> WHAT TO DO:
Find the line with "Hello guys, welcome" in the records below. Output exactly from there until after the line with "Question 7 is", without pictures.

***** DATA SECTION

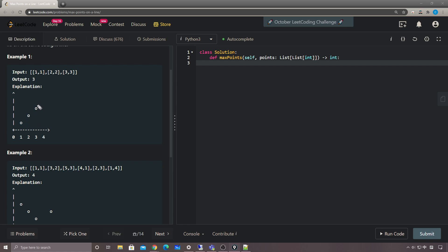The approach is: we try to use each of the points as a base point, then calculate the relative angles with the current point as the starting point. For example, if we calculate the angle of a point relative to the base, it might be 45 degrees, and another point also at 45 degrees — those are collinear. The problem comes down to: how can we calculate the angles between two points?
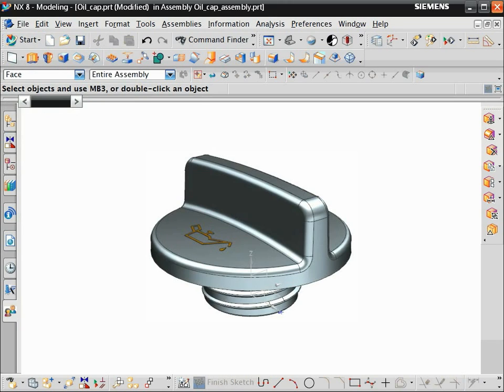That should be enough to get you started. More information about the interface and how to customize it is available in the Fundamentals area of Online Help.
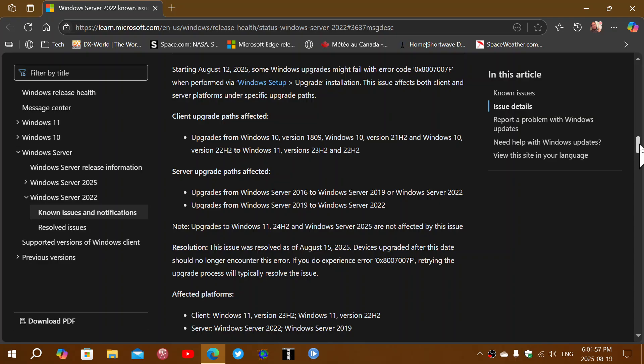So the upgrade paths that are affected are people on Windows 10 version 1809, 21H2, and 22H2 that wanted to go to Windows 11 version 23H2 and 22H2. So these are affected users and what happened is that they were just stuck.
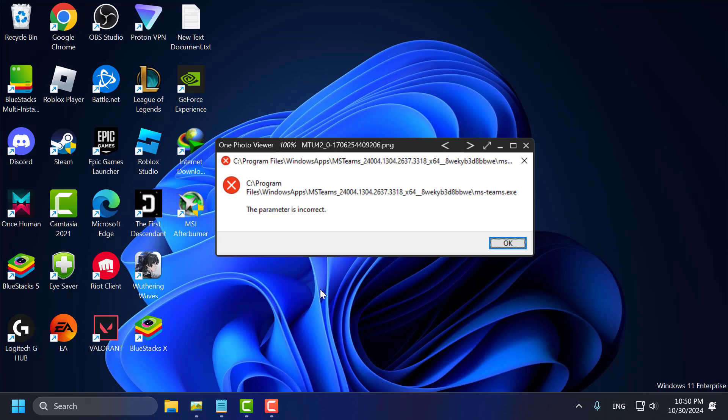Hello guys, welcome to my channel. Today we're going to see how to fix error C:\Program Files\Windows Apps - The parameter is incorrect when opening Microsoft Store apps in Windows 10 or Windows 11.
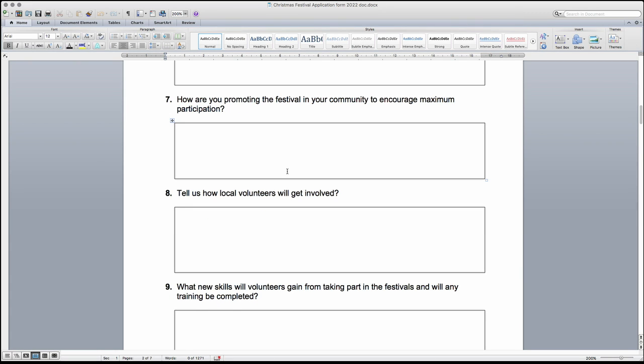Question 7 is asking about the promotion of the festival. When answering this question, please list how you will promote the event so that people are encouraged to attend.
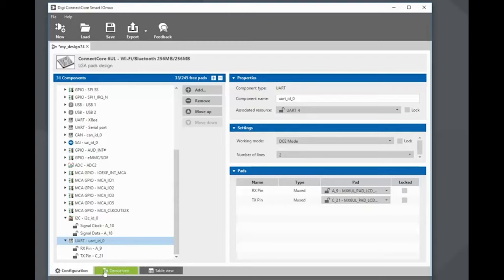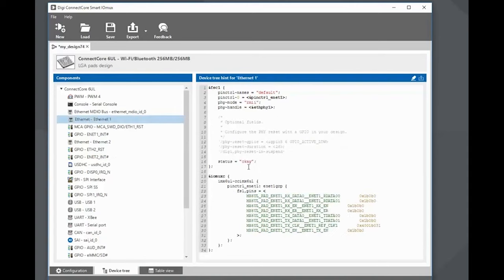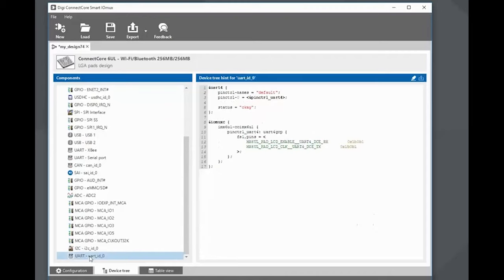Another nice feature is the device tree snippets — the device tree help. The device tree is the configuration file for the Linux kernel representing your exact design with all the interfaces and electrical pad configurations. For every interface in my design I can pull up the device tree hint providing the definition for that interface. For example, for Ethernet I see FEC1 and the IOMux configuration for the pads providing Ethernet 1. For the UART we just added, I get the device tree — this is UART number 4 — it enables the UART with its configuration and the IOMux pad settings.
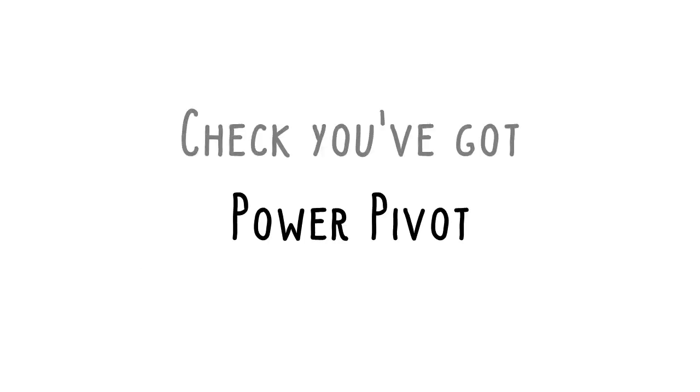Before we begin, make sure you've got the right version of Excel that has PowerPivot. You can refer to the link below to check and set up.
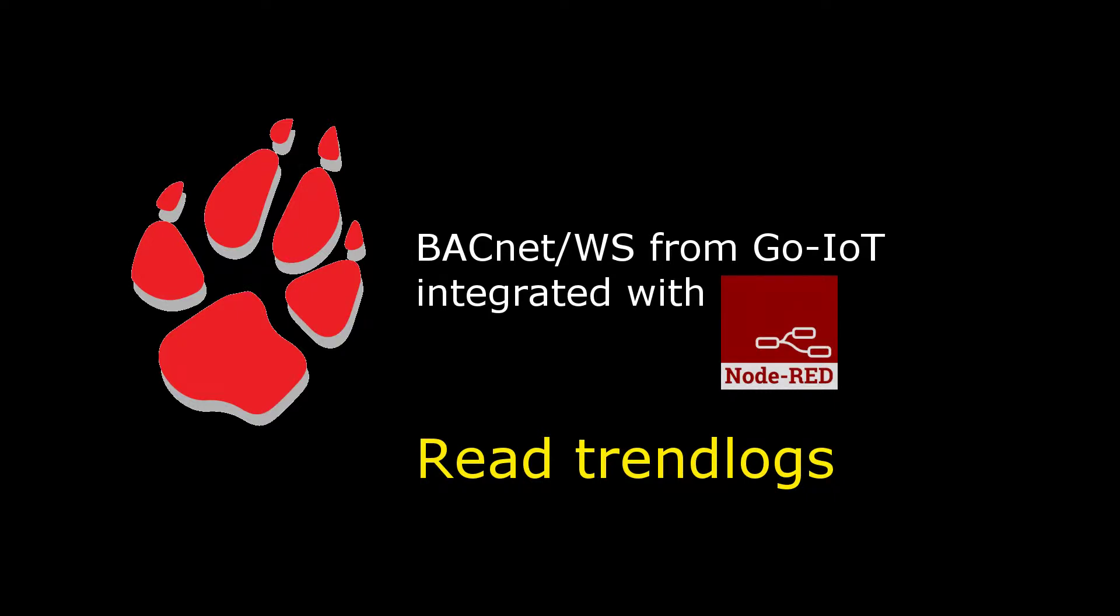Hello everybody. In this video we are going to show how to integrate the BACnet web services running on a Dingo device with a browser-based programming tool called Node-RED.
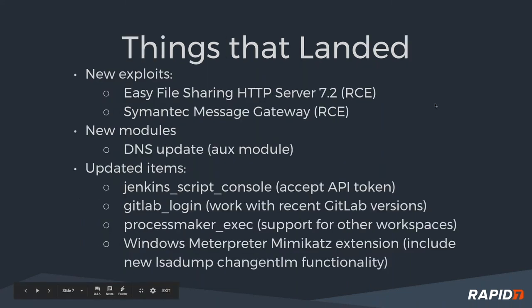Let's talk about some things that landed. We've got some new exploits: Easy File Sharing HTTP server, Symantec Messaging Gateway had quite a bit of traction online, people talking about it as far as the vulnerability.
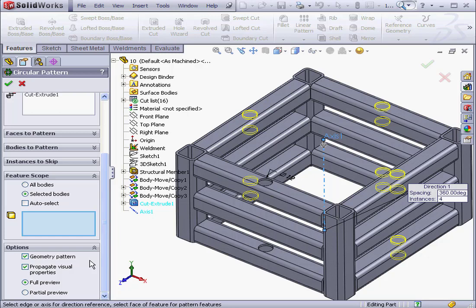Underneath the Geometry Pattern option is an option called Propagate Visual. Check this to make your SOLIDWORKS properties, such as color, texture, and so on, apply to the pattern feature.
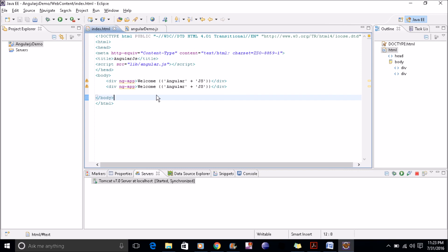So that's all for this and ng-controller in the next video. Thanks for watching and have a nice day. Thank you.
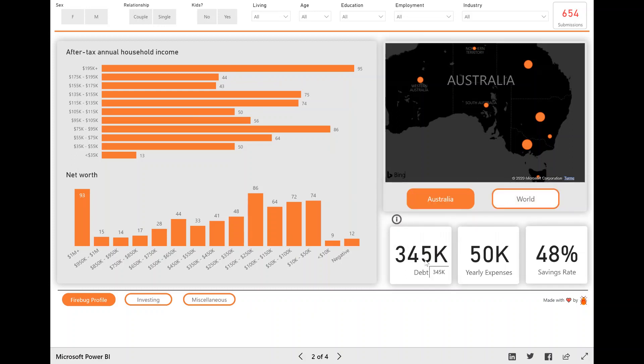And I thought using the median was the best metric to use because some people might have a debt of like, you know, millions of dollars worth of debt and that can skew the average quite a bit. So I think median is a better representation of the data.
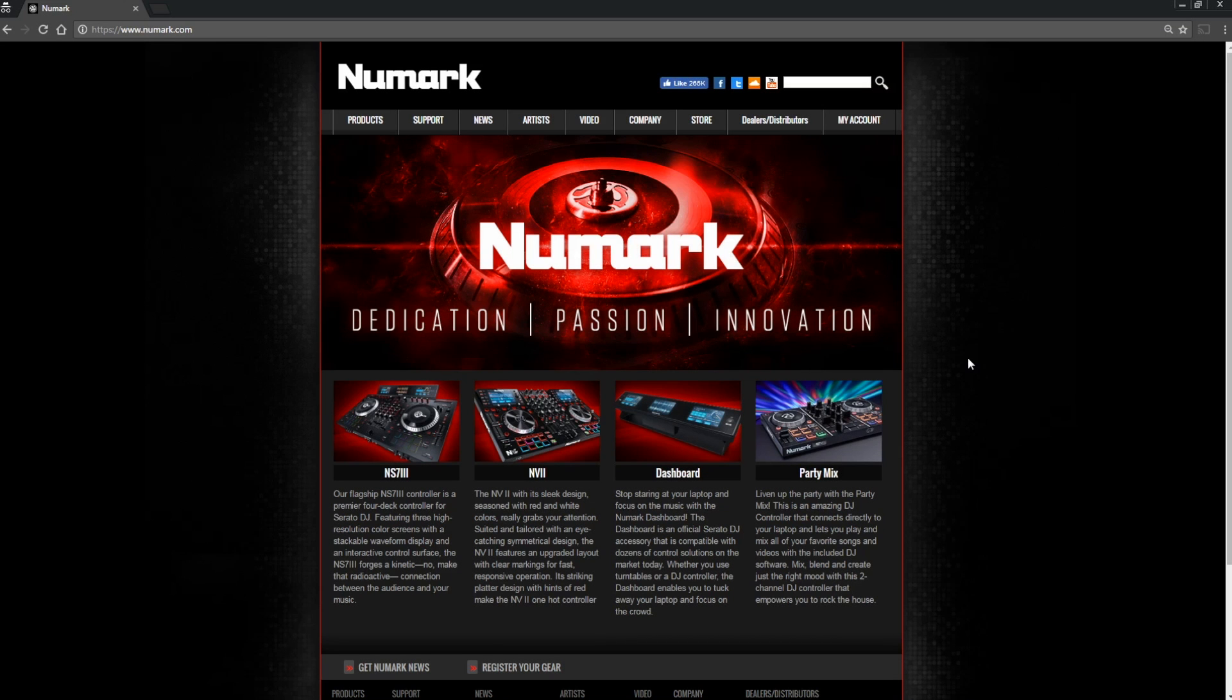Hey everyone, in this short video I'm going to show you how easy it is to get started with the Numark Party Mix and the free copy of Virtual DJ LE that's included.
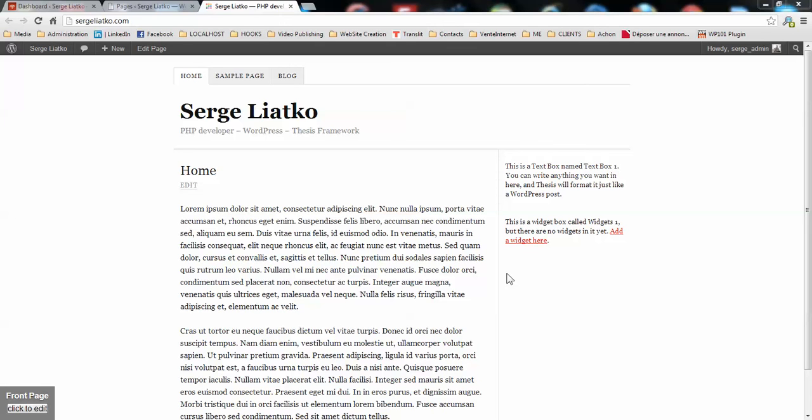Hi guys, this is Serge from thesis2.com and I'm starting this series of videos to show you how to enable WooCommerce on your thesis website and how to use it in your templates. And finally we will be able to create an online store with WooCommerce and thesis theme.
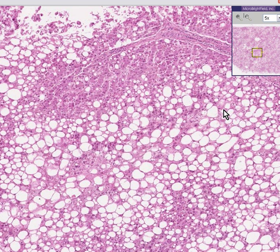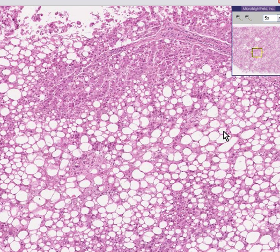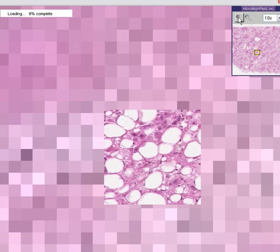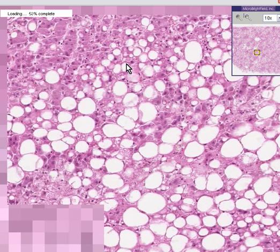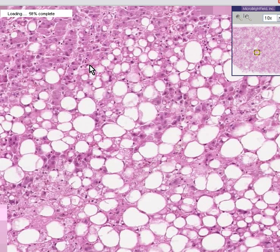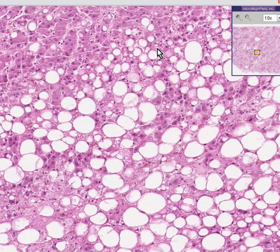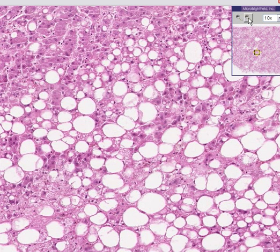Also notice that if you wanted to divide fatty liver or fatty change or fatty metamorphosis into two different types, these large vacuoles are macro. These smaller ones in here, which look to be within hepatocytes, these small tiny things are microvesicles.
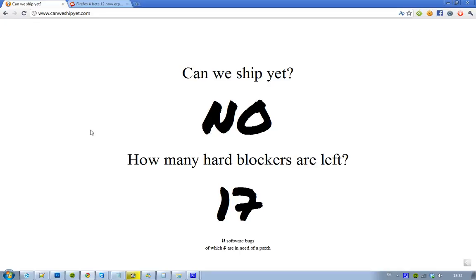If you want to know the status on Firefox 4, when it's going to be launched as a release candidate, then you just go to CanWeShipYet.com and you will see a question, 'Can We Ship Yet?' and then you'll see an answer. Right now the answer is no.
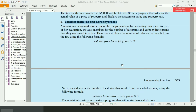Welcome guys. In this video, I will write the path and program for the 6th exercise of chapter 5. This program will ask the user how many grams of fat do you eat per day, and how many grams of carbohydrates do you eat per day. Then it will calculate the calories from fat and calories from carbohydrates using the given formulas.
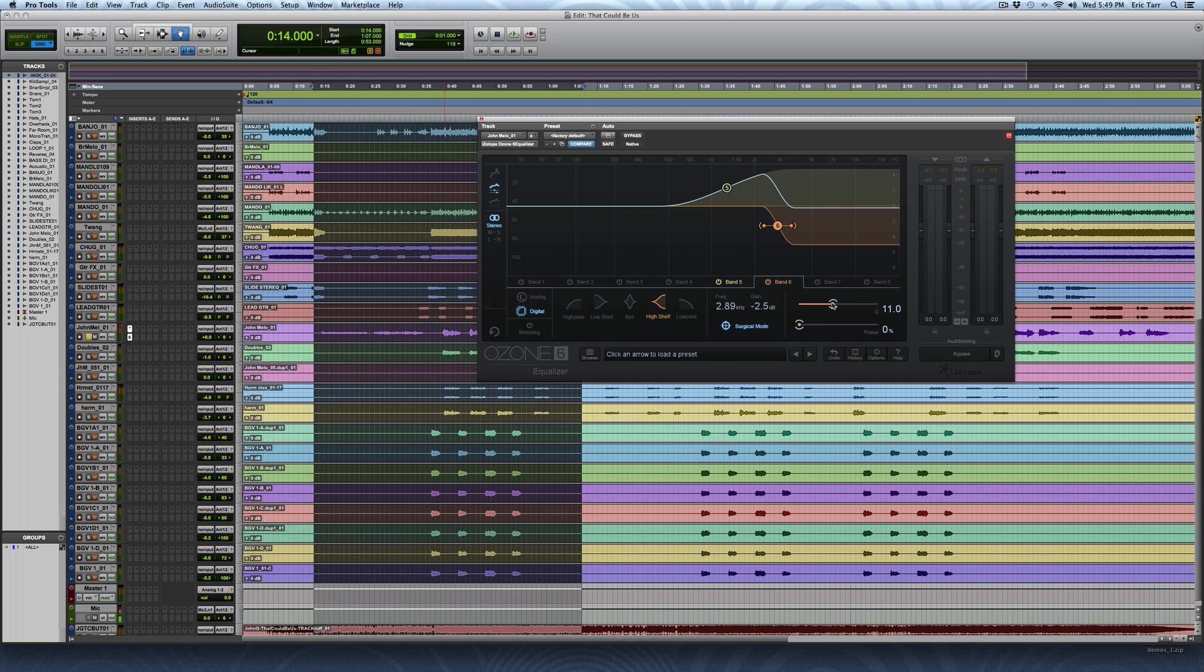So there you go guys. I hope you learned some new tricks. Maybe I even saved you a couple bucks by showing you how you can use a simple EQ plugin that you already have rather than having to go out and buy another one. Let me know what you think and take care guys, I'll catch you next time.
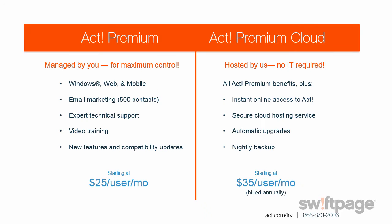We currently offer two ACT Premium solutions, ACT Premium and ACT Premium Cloud. The ACT Premium solution is managed by you on your servers, giving you maximum control. An ACT Premium subscription includes Windows, web, and mobile deployment options, a basic ACT e-marketing account, expert technical support, training options, and new features and compatibility updates as they are released.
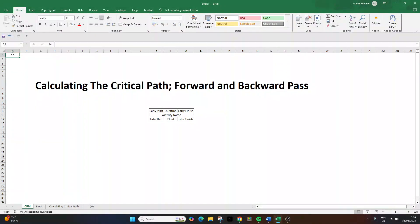Understanding how to calculate the critical path is one of the most valuable skills in project management. It's also essential knowledge for the PMP exam. In this video, I'm going to be breaking down this critical technique step by step with a simple example, showing you exactly how to identify your critical path and calculate float using the forward and backward pass technique.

**********

> EXERCISE RESPONSE:
Hello guys, welcome to my channel. Today we're going to see how to fix error C:\Program Files\Windows Apps - The parameter is incorrect when opening Microsoft Store apps in Windows 10 or Windows 11.
Question 7 is asking about the promotion of the festival. When answering this question, please list how you will promote the event so that people are encouraged to attend.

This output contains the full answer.